What you are asked to do
Drop the images. Copy every line below character for character.

Extracted entries

*** Block opens ***

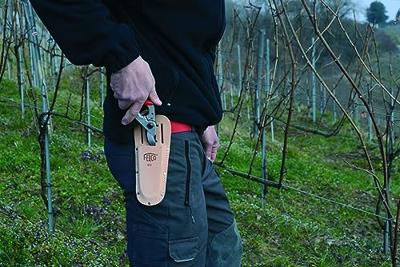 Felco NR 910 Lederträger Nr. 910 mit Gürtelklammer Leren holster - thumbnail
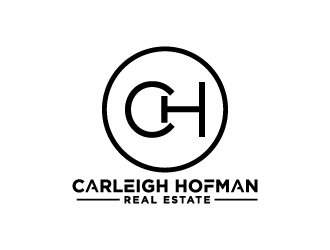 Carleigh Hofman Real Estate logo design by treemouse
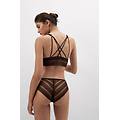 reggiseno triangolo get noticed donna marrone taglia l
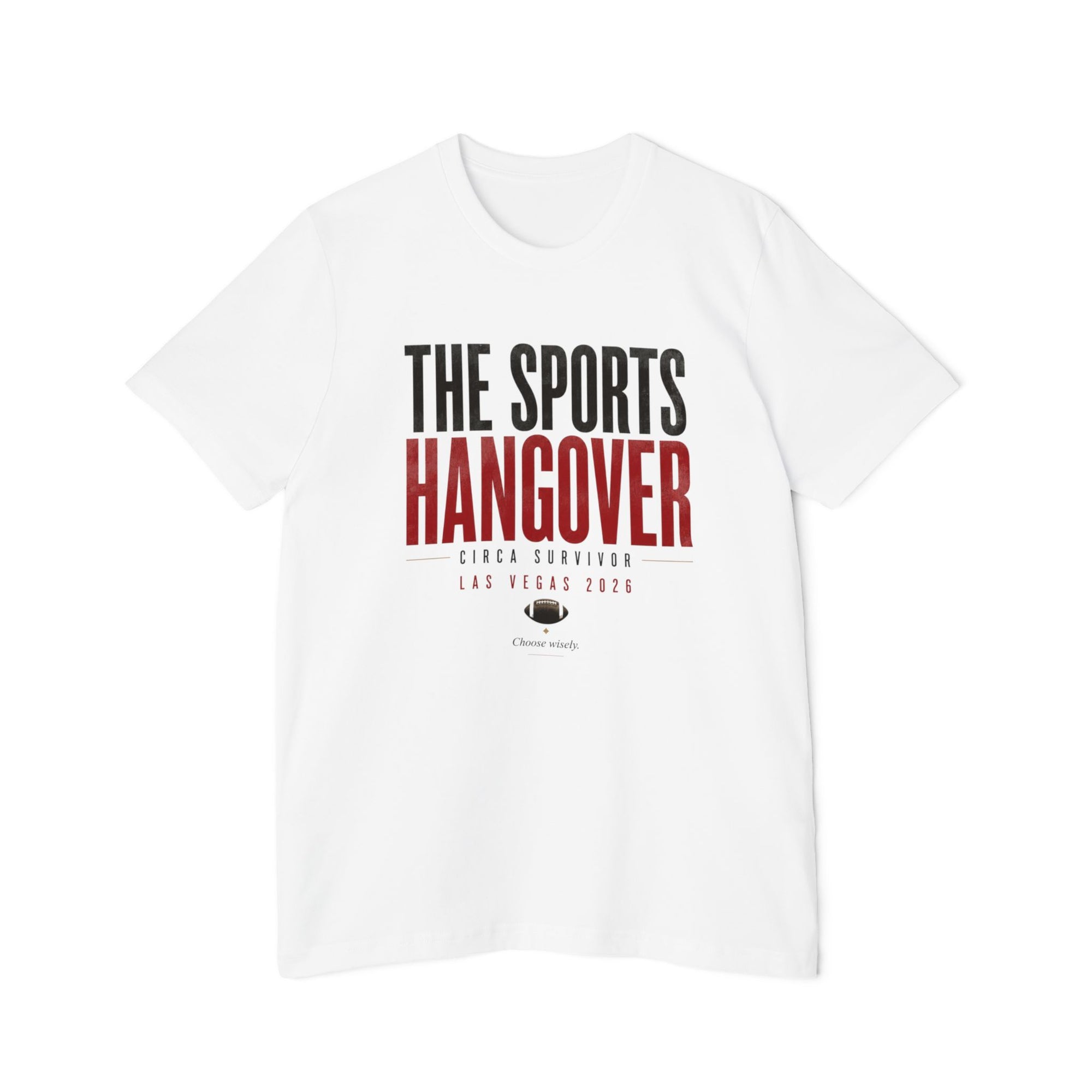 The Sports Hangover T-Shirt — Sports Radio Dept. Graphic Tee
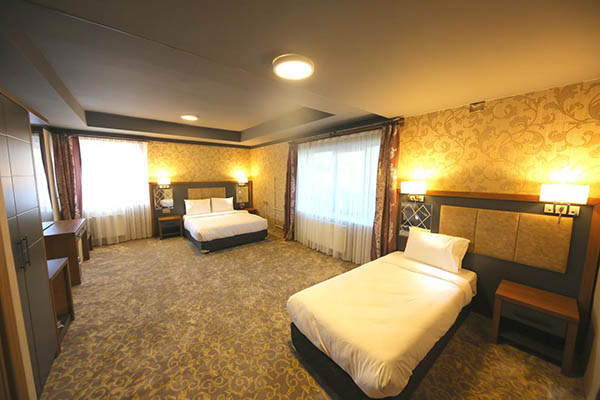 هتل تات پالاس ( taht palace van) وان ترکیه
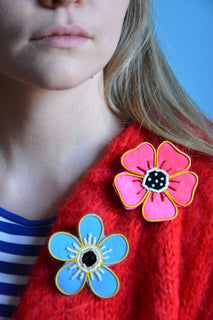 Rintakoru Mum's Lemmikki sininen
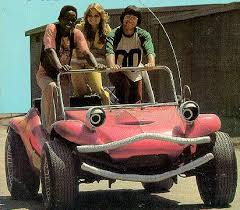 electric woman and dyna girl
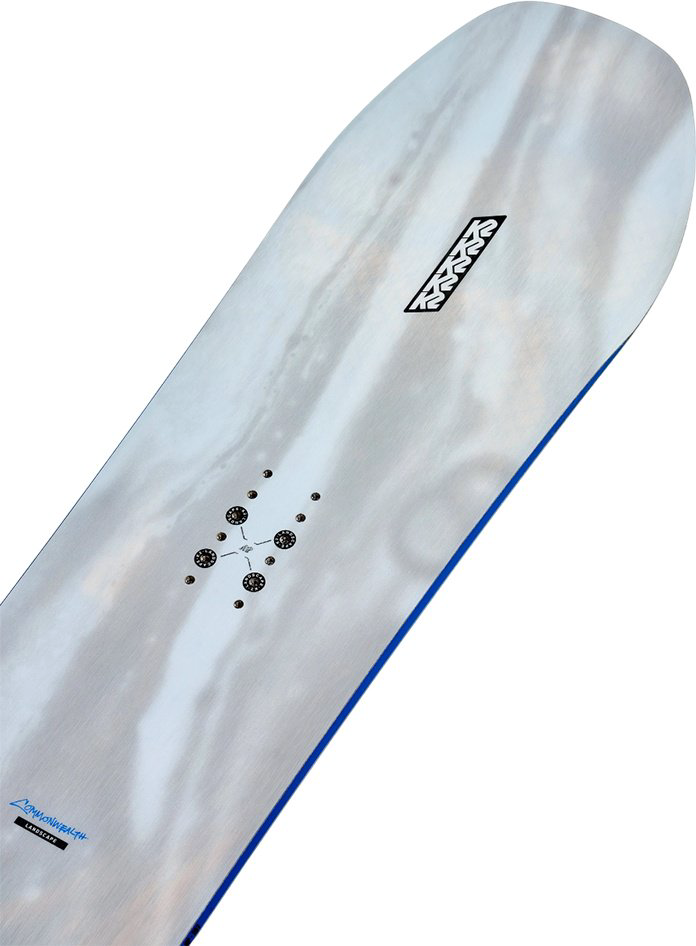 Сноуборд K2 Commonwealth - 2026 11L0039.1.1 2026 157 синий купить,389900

*** Block closes ***

Task response
 Felco NR 910 Lederträger Nr. 910 mit Gürtelklammer Leren holster - thumbnail
 Carleigh Hofman Real Estate logo design by treemouse
 reggiseno triangolo get noticed donna marrone taglia l
 The Sports Hangover T-Shirt — Sports Radio Dept. Graphic Tee
 هتل تات پالاس ( taht palace van) وان ترکیه
 Rintakoru Mum's Lemmikki sininen
 electric woman and dyna girl
 Сноуборд K2 Commonwealth - 2026 11L0039.1.1 2026 157 синий купить,389900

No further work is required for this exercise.